WHAT TO PRODUCE –
Filter the data below for the string "with" and copy each matching line.
★ ★ ★
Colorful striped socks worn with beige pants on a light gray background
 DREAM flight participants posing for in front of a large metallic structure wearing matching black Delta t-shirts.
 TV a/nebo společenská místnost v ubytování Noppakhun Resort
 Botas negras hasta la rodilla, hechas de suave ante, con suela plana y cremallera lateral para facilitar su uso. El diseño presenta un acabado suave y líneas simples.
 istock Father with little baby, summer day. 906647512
★ ★ ★
EXERCISE SOLUTION –
Colorful striped socks worn with beige pants on a light gray background
 istock Father with little baby, summer day. 906647512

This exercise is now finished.